Segment Start: Data provided
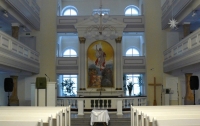Финская церковь решила заступиться за представителей 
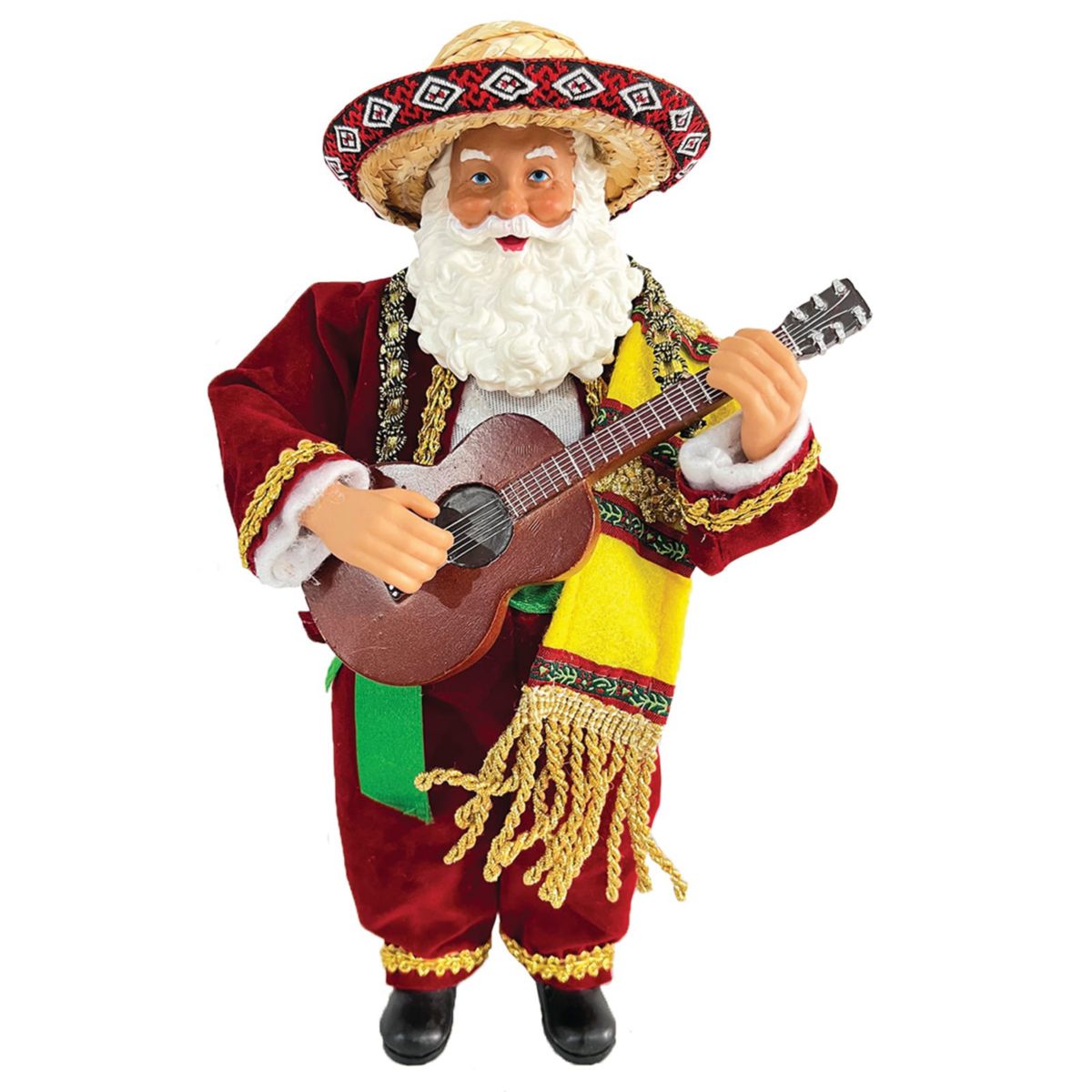 10 inch Mexican Santa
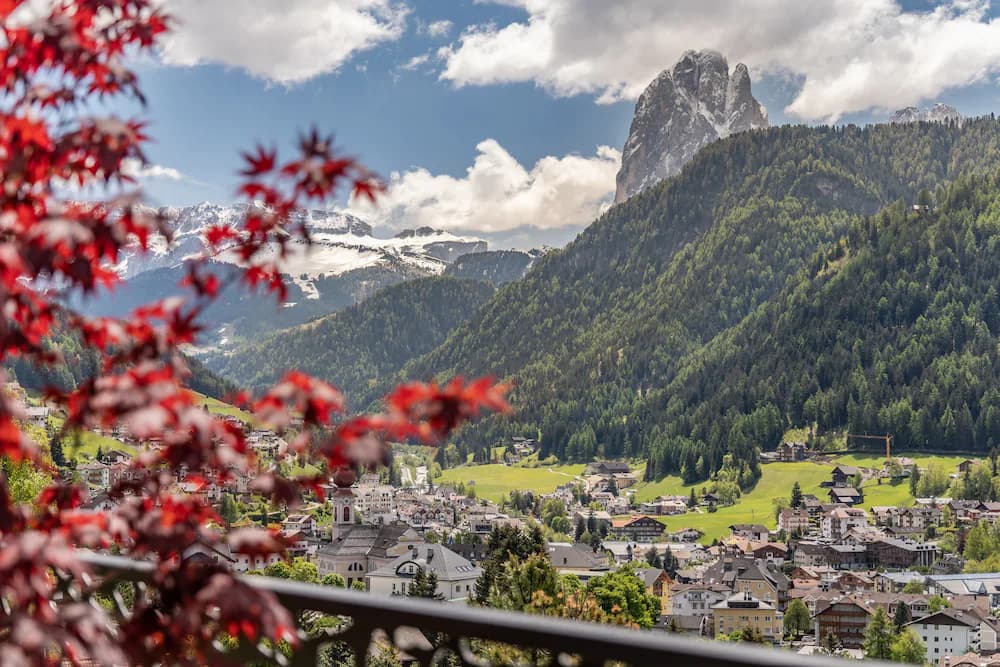 Mountain view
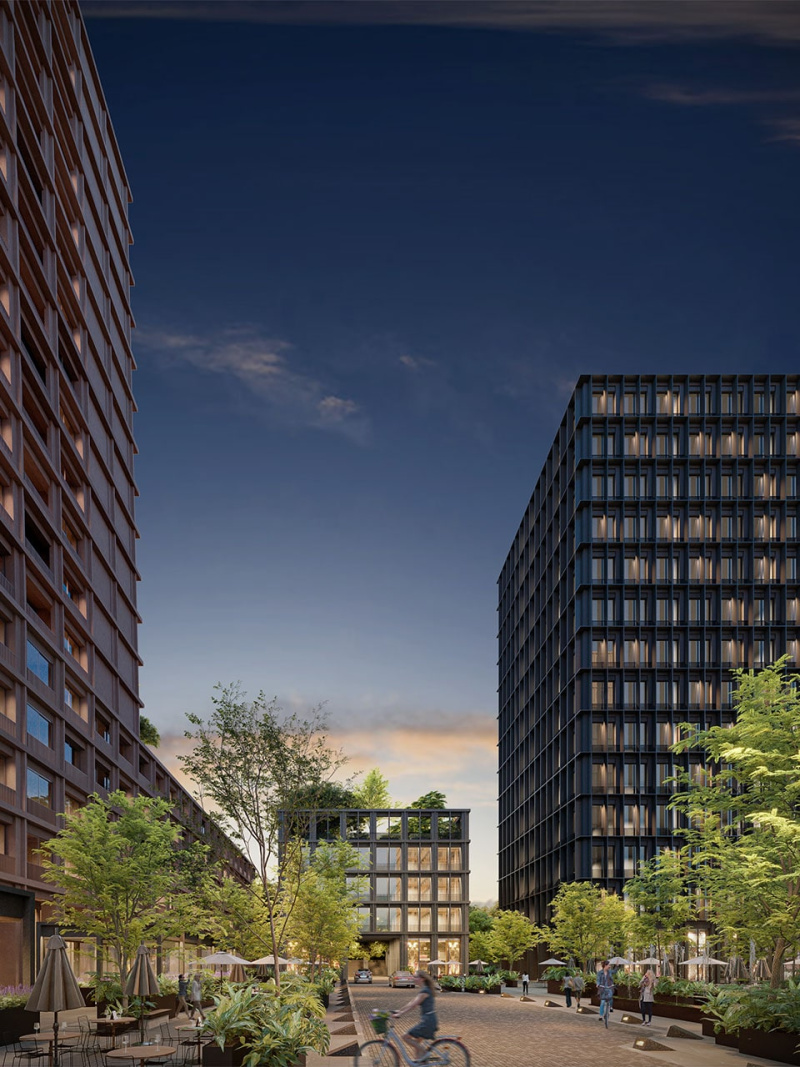 Lirica Towers - Guadalajara, Jalisco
Segment End: Data provided
The answer is the listing above repeated verbatim, minus its images.

Response below:
Финская церковь решила заступиться за представителей 
 10 inch Mexican Santa
 Mountain view
 Lirica Towers - Guadalajara, Jalisco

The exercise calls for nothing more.